I doubt very seriously that the man was a Communist. He probably just liked the warmth, and the hat's provenance made it a good conversation piece. It was, you know, kitsch: if I were to take it seriously, and ask him why he was wearing a symbol of mass murder and oppression, he would have laughed.

Now, if the guy were wearing a cold-weather S.S. hat with a swastika, that would be another story. From his dress, I'd guess that either he worked for the Entity itself or an affiliated entity. Wearing Nazi paraphernalia would be a career-ending move, especially if he worked with any Jews (and there are more than a few at the Entity). However, if he worked with Ukrainians or Afghanis (again, not very far-fetched), their complaints would not be taken as seriously, even though the Soviets murdered millions of their countrymen.

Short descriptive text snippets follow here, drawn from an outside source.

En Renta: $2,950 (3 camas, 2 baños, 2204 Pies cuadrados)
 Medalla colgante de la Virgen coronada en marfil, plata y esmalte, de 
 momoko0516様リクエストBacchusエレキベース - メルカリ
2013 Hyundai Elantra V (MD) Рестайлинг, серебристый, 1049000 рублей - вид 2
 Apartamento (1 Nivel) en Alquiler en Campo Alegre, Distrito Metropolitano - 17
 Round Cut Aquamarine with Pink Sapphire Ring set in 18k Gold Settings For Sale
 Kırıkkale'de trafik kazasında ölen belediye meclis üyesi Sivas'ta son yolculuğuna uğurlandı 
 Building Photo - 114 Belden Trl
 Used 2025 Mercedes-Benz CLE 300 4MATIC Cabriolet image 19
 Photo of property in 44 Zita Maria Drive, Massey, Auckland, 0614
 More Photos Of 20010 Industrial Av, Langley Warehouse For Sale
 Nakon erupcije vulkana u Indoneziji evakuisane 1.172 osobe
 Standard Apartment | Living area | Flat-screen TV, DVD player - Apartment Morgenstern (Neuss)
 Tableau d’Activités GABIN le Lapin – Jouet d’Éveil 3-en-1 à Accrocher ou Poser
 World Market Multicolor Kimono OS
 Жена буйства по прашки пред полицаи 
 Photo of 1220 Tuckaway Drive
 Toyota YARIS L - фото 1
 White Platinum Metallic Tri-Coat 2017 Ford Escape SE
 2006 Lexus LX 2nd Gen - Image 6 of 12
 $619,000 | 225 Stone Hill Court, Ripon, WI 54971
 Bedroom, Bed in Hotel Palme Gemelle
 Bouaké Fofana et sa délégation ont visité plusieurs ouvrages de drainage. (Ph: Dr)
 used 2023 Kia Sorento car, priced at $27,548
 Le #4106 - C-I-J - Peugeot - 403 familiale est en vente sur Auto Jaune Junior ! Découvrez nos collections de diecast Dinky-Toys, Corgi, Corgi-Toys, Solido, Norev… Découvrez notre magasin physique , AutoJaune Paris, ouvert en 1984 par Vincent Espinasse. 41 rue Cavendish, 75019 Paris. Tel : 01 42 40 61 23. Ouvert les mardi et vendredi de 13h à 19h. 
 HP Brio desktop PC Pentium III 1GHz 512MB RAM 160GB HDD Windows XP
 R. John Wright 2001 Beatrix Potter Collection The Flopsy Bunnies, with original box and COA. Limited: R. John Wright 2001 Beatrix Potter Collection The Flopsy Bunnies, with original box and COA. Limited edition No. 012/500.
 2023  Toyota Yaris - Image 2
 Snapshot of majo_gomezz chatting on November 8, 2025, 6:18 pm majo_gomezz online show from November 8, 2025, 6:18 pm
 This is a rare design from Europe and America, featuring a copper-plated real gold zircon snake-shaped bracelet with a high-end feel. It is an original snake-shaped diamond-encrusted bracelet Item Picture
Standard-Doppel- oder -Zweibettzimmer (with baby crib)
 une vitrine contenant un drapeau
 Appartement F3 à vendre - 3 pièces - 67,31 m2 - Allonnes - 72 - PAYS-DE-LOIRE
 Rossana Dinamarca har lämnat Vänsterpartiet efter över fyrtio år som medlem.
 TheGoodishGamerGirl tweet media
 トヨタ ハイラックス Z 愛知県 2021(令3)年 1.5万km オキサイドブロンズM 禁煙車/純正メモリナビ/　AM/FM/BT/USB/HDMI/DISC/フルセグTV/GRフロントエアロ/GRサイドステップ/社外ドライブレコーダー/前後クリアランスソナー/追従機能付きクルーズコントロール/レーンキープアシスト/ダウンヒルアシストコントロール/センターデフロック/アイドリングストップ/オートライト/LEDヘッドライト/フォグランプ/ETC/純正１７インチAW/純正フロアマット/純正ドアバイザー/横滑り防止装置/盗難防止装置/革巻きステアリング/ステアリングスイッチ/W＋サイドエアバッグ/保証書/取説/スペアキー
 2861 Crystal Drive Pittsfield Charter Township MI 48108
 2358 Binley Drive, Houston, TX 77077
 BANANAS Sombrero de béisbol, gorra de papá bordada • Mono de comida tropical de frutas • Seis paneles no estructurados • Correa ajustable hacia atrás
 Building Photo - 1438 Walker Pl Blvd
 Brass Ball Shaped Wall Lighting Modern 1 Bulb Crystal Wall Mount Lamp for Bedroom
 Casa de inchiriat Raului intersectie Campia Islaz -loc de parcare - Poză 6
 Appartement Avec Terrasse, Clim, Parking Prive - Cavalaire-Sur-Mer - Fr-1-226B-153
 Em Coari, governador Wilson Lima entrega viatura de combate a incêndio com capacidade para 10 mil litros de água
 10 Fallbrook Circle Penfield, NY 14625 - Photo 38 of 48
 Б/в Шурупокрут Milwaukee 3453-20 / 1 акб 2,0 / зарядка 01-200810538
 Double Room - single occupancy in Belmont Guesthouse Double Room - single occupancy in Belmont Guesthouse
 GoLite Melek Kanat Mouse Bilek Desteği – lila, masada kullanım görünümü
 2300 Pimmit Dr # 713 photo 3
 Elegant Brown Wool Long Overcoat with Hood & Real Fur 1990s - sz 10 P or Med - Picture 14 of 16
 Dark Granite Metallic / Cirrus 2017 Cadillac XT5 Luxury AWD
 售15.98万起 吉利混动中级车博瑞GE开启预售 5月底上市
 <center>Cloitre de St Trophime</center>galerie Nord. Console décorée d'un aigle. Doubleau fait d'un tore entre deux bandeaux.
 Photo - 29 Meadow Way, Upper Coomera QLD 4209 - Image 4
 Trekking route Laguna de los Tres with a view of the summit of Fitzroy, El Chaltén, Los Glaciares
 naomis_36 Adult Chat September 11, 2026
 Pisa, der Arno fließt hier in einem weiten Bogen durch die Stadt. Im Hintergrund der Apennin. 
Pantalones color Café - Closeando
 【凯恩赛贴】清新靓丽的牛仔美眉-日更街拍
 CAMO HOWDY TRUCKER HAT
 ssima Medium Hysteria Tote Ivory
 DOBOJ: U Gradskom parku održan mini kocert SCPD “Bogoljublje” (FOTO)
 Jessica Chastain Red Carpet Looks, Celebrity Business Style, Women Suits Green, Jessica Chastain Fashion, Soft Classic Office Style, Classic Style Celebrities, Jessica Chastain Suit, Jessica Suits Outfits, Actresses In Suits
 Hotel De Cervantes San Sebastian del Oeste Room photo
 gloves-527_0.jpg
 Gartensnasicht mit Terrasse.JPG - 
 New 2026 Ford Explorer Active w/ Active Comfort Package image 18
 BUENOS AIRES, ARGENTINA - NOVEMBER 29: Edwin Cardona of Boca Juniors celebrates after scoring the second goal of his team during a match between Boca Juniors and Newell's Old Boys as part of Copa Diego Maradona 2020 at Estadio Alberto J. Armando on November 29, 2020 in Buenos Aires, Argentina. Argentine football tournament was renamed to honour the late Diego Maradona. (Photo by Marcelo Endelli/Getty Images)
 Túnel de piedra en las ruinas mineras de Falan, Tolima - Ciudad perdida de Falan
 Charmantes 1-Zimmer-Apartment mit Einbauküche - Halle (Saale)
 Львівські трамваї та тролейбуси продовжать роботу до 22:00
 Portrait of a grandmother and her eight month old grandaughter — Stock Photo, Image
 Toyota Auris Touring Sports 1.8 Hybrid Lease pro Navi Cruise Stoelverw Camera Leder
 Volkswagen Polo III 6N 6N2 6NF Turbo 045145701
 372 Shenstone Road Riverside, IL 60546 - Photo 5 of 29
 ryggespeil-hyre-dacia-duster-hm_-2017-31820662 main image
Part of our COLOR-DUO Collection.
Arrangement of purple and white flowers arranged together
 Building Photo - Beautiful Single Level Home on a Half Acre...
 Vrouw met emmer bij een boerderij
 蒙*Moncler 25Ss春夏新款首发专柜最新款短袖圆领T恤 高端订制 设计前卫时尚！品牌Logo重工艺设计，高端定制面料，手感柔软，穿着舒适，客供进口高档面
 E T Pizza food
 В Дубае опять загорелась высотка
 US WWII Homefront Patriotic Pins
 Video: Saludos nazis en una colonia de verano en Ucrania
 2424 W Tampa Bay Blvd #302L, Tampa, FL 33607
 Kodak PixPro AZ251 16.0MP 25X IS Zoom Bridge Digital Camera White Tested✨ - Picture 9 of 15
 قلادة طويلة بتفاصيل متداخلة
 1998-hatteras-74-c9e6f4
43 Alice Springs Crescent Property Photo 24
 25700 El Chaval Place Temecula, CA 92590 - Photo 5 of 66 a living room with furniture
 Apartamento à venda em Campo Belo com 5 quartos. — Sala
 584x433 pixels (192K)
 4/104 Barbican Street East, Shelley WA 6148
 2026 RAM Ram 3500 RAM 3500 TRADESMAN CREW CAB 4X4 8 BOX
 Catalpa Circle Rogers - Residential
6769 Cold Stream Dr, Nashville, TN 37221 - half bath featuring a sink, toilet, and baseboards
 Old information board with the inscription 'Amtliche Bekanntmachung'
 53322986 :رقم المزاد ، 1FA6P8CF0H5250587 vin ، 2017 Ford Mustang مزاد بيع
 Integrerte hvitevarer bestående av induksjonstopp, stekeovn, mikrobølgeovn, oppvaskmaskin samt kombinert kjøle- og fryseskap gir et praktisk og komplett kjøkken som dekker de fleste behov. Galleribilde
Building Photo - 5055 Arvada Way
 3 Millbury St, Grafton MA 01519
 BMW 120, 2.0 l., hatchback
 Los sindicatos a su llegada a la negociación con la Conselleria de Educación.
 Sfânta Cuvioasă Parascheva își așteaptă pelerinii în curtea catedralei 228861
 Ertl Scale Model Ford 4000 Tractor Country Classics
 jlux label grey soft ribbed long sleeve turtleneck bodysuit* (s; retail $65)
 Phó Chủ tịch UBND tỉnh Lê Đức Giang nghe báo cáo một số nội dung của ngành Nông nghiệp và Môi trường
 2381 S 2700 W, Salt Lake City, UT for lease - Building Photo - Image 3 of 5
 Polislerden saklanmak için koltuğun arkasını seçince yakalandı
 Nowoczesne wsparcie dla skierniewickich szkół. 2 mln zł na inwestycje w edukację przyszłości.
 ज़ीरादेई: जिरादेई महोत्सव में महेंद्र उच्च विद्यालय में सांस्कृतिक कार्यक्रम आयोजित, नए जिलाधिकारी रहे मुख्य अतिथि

As you know, I am a lackey of neoconservative Zionist cabal that controls American foreign policy, so I have no problem with people looking down on Naziism. But why doesn't Communism get the same treatment? I'm hardly the first person to ask this question, but I've never heard a satisfying answer. Some say that the Nazis are uniquely evil in a way that the Soviets were not; I have no idea how one evaluates such a statement, and I know of no crime (genocide, slavery, tyrrany, predatory war, forced deportation of populations) the Nazis committed that the Soviets rejected.

The best explanation is that since the Left controls the academy and the media, they are the only ones in the position to administer stigmas such as the Nazis have received, and they are unwilling to stigmatize their ideological cousins. After all, if people get turned off by collectivism, they might get squeamish about applying a statist solution to health care. And so Soviet kitsch is still safe in the halls of the U.S. Federal government.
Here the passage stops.